La religión, en un Estado moderno, jamás puede tener una “dimensión pública”, pues es un asunto atinente exclusivamente a la conciencia particular de los individuos y, por tanto, es un asunto puramente privado de la persona. Si la religión transitara hacia una dimensión pública, se convertiría, automáticamente, en una religión de Estado y eso es inadmisible en un Estado moderno. Por eso debe ser laico. Lo que de verdad desean es que bajo la enseña de la libertad religiosa el Estado mexicano se vuelva un Estado confesional. Es lo que los dinos de la jerarquía católica quieren (y para qué hablar de los pequeños e intrascendentes dinos de las sectas evangélicas).

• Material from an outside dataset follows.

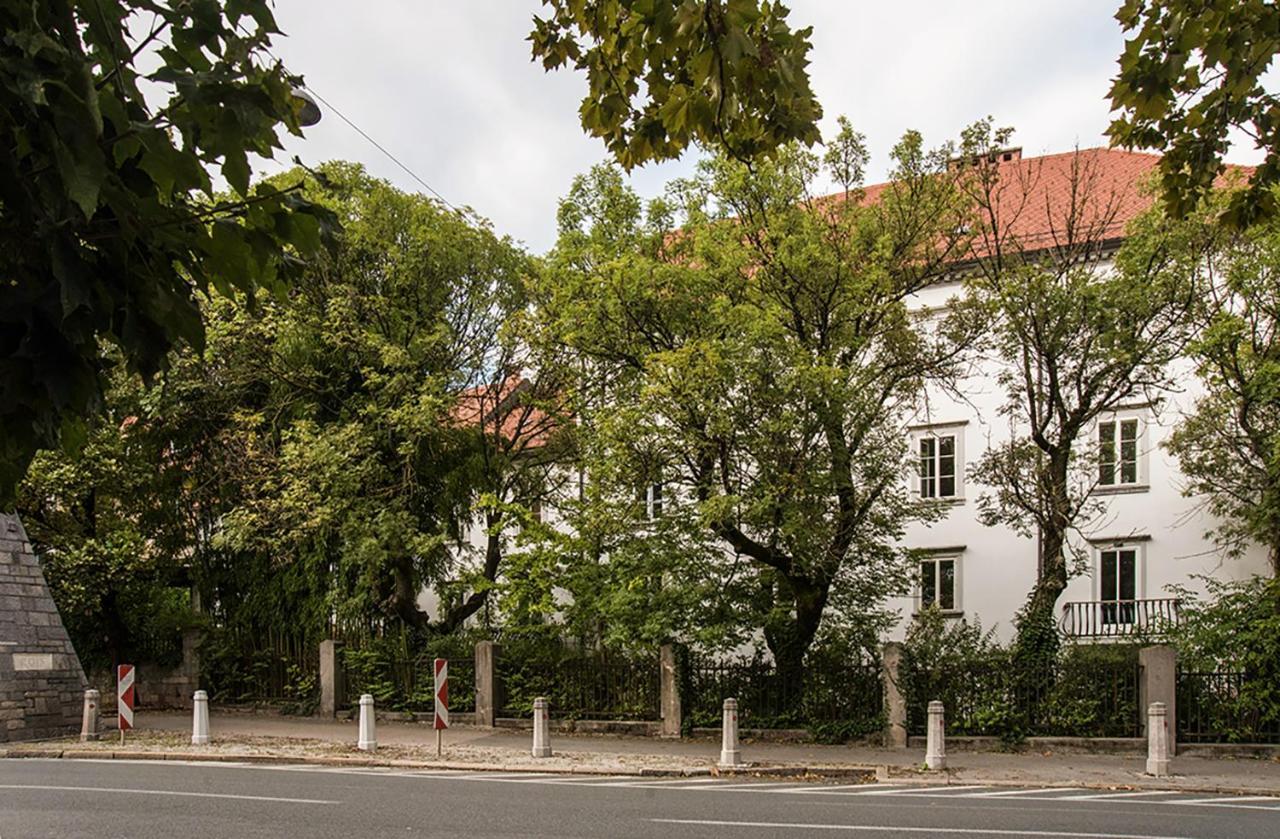 Apartment Breg - Old Town River Любляна Екстер'єр фото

Resulta hilarante que Sandoval Íñiguez diga que la reforma “va contra el principio democrático de la igualdad de los mexicanos… quita libertades e igualdades”. Para ese brontosaurio medieval la libertad y la igualdad deberían darse aherrojadas en el concepto de una sociedad mexicana toda católica, toda reaccionaria, toda obediente de sus mandatos, incluido el Estado y en la que, por supuesto, sus pederastas hicieran su agosto impunemente. El protestantito Arturo Farela, que se la pasa haciéndole segunda a los jerarcas católicos, sobre todo cuando del aborto se habla, se atrevió a decir que la reforma es “poner bozal a algunos mexicanos” y reclamó “un Estado donde todos podamos participar en la consolidación de la democracia”. En realidad, lo que quieren es un Estado en el que ellos sean los que decidan.